*WHAT TO WORK ON*. Every line from the one with "Bupati Syaharuddin Alrif" to the one with "Levanto – shop", including those two, is to be copied exactly; all other lines of the entries below are left out.

***** DATA EXTRACT

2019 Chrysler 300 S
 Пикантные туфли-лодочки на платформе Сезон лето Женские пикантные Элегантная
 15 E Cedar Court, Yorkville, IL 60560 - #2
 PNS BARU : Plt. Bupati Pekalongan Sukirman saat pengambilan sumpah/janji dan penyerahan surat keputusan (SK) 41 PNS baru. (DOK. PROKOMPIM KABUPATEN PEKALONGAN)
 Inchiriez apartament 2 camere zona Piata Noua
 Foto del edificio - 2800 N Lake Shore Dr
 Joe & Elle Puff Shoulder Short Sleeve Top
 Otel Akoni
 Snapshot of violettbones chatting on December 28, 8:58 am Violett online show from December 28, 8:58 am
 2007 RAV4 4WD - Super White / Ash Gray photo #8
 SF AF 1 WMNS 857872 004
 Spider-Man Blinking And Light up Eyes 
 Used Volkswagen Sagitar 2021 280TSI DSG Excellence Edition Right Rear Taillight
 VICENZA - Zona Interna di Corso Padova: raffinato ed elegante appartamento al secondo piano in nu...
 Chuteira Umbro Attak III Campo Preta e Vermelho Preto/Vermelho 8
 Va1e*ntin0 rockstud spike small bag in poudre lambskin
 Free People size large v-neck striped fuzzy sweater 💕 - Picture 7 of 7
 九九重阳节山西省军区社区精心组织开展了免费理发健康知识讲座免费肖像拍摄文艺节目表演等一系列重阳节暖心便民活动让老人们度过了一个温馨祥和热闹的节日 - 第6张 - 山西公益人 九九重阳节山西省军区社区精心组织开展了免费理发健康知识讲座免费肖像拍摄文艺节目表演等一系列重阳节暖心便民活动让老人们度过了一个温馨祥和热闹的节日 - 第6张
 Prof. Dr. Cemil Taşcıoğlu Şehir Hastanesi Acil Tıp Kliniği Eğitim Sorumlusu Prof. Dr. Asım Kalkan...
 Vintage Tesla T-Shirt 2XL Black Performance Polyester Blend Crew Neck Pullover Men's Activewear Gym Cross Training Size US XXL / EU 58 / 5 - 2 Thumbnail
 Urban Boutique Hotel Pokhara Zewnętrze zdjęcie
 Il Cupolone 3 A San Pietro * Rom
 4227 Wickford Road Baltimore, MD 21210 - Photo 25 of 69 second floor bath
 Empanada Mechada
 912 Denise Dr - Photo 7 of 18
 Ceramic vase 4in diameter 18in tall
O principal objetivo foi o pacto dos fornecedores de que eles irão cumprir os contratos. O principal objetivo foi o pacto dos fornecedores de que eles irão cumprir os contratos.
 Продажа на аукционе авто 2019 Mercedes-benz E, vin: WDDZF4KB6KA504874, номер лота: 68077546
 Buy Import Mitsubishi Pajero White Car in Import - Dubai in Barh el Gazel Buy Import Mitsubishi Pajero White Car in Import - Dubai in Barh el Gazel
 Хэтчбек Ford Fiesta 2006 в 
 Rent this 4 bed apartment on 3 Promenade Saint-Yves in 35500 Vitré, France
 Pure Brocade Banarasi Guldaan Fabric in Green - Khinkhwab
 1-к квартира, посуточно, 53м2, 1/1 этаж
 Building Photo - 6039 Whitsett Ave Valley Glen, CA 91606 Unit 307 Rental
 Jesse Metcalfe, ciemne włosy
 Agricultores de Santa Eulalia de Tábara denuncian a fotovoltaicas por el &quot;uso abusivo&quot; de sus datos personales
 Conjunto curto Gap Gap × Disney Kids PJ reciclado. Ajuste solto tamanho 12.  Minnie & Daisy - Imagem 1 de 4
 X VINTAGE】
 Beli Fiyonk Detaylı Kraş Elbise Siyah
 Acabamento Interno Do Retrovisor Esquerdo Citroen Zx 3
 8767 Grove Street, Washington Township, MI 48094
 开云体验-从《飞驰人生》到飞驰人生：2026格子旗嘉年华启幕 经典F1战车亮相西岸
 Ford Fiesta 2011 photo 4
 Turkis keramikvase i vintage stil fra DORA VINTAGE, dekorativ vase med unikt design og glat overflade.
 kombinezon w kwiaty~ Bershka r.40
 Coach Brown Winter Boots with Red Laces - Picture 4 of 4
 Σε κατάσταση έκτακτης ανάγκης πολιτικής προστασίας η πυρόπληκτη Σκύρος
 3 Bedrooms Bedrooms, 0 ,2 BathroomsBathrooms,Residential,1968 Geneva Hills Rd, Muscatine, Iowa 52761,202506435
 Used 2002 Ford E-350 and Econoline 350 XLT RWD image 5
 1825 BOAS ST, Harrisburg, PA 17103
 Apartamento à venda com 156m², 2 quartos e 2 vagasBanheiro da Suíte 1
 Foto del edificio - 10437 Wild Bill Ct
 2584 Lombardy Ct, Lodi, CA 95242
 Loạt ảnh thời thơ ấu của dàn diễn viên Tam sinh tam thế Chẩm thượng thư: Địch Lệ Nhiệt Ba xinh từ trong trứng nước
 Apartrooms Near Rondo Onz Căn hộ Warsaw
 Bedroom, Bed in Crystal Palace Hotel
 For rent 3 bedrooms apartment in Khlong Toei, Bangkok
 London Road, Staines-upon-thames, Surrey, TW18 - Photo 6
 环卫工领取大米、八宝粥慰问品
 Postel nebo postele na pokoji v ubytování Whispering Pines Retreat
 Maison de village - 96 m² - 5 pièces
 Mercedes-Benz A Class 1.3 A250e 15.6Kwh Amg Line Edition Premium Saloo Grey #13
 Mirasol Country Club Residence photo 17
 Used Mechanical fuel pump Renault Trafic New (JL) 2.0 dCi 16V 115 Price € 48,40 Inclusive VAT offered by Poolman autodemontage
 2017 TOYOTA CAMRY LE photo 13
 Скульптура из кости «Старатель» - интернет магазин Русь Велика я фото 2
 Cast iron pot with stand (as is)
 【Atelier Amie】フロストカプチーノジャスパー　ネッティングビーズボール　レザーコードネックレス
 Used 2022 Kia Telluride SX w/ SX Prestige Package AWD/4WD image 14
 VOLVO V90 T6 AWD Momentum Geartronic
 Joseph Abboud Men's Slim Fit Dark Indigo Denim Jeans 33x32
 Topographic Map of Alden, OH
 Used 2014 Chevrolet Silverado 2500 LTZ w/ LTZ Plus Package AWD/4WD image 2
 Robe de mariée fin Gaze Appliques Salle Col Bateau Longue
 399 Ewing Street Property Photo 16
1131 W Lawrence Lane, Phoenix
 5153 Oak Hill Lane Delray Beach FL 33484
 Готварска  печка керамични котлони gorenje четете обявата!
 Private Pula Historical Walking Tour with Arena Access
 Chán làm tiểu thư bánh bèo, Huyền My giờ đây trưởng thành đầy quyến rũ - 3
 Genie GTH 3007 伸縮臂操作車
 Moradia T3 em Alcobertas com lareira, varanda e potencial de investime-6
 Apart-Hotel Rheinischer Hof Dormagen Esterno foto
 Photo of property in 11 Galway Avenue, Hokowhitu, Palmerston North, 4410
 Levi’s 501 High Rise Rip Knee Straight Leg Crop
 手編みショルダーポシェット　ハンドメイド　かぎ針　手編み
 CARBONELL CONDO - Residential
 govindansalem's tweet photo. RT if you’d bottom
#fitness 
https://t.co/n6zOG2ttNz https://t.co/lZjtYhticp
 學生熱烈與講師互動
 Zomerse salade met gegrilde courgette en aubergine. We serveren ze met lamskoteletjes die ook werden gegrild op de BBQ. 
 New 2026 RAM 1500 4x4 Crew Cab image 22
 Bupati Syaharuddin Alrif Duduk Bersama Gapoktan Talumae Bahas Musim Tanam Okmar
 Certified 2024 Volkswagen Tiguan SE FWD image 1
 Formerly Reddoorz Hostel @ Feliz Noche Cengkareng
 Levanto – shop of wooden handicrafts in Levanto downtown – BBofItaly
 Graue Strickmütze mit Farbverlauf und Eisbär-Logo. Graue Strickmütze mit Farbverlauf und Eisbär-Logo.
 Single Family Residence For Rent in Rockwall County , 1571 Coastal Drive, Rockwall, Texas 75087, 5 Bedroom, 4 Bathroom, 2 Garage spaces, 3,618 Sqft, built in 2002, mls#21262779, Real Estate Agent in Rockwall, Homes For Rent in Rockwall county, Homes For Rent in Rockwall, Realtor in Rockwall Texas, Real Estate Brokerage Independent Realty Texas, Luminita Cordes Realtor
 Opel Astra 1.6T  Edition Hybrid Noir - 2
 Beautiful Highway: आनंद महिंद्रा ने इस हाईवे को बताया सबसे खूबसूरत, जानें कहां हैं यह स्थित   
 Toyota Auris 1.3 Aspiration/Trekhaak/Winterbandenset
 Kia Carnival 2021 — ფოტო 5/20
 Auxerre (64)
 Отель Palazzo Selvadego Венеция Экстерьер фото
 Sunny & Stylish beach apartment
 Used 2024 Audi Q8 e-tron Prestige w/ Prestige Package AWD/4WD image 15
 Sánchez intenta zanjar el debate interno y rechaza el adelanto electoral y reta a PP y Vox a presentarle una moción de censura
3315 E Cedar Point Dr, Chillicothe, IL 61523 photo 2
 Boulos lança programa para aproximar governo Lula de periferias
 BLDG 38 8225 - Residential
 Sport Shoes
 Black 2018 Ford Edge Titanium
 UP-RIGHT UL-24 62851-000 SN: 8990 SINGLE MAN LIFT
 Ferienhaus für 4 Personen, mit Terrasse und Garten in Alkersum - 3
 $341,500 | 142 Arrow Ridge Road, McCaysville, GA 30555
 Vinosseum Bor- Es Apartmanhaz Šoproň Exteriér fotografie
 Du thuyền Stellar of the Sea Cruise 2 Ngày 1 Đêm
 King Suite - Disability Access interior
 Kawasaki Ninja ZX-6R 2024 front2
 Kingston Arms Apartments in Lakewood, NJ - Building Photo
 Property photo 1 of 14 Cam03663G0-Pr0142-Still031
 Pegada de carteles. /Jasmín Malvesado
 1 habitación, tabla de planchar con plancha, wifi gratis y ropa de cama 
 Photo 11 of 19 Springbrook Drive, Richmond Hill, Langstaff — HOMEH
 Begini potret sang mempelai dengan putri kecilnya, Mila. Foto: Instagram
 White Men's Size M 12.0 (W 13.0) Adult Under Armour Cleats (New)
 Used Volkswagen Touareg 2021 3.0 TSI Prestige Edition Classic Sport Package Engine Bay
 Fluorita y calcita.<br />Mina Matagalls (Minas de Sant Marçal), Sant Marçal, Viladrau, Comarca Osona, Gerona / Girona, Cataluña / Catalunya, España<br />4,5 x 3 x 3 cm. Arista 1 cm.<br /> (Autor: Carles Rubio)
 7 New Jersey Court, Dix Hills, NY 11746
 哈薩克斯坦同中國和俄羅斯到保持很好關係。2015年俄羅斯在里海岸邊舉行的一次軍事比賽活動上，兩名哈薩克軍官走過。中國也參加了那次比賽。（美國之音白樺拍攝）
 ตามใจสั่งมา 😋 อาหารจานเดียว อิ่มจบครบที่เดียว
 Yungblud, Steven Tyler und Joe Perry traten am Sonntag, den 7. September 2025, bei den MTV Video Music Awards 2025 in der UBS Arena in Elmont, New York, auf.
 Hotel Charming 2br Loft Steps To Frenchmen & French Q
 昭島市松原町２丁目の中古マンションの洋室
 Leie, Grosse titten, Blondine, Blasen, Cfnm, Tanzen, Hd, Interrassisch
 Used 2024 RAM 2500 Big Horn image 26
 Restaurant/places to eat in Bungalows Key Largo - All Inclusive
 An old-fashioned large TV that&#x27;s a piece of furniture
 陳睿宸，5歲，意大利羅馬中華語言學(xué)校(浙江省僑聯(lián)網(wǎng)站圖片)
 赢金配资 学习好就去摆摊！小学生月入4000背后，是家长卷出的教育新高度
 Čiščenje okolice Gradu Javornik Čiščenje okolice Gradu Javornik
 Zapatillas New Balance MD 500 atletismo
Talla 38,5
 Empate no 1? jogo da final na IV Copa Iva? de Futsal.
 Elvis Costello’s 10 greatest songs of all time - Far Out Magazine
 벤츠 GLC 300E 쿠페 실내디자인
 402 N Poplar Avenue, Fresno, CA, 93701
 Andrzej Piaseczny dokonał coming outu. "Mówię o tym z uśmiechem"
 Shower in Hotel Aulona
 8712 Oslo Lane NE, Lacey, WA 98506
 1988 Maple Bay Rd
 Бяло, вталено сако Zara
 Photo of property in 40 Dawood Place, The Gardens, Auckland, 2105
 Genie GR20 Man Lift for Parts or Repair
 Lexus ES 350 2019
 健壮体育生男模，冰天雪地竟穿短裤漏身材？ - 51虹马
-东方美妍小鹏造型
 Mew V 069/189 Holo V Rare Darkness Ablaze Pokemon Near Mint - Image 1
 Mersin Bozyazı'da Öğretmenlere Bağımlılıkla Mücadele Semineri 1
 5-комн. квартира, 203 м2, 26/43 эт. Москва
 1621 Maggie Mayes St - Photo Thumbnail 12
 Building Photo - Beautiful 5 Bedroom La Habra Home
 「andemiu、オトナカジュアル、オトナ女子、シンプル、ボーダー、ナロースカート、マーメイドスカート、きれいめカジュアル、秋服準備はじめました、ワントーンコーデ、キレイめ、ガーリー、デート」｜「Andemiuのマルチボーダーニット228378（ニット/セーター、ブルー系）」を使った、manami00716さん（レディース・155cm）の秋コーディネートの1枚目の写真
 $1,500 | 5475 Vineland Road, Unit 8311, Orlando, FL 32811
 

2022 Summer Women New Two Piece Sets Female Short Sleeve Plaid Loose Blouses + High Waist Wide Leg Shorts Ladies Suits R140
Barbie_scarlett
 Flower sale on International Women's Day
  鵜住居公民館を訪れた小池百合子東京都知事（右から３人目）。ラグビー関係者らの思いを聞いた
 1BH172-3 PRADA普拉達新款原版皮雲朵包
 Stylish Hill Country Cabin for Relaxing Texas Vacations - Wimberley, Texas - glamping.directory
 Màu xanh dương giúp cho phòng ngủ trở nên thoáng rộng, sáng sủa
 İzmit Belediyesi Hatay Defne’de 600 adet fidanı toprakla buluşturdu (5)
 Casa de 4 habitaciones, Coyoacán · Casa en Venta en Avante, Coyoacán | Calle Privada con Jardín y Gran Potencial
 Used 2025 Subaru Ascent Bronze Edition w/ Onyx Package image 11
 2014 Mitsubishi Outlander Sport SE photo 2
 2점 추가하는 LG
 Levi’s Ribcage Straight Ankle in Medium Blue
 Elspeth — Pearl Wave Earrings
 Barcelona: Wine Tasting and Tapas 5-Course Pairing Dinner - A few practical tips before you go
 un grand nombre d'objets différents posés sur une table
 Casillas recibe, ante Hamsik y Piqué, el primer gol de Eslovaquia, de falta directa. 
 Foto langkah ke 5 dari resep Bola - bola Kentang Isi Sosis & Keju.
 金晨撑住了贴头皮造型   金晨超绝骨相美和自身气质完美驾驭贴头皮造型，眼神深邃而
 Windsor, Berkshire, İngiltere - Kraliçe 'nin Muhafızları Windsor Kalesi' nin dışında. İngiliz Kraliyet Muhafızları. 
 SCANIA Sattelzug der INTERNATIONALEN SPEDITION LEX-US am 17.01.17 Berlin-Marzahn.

**********

*EXERCISE SOLUTION*.
 Bupati Syaharuddin Alrif Duduk Bersama Gapoktan Talumae Bahas Musim Tanam Okmar
 Certified 2024 Volkswagen Tiguan SE FWD image 1
 Formerly Reddoorz Hostel @ Feliz Noche Cengkareng
 Levanto – shop of wooden handicrafts in Levanto downtown – BBofItaly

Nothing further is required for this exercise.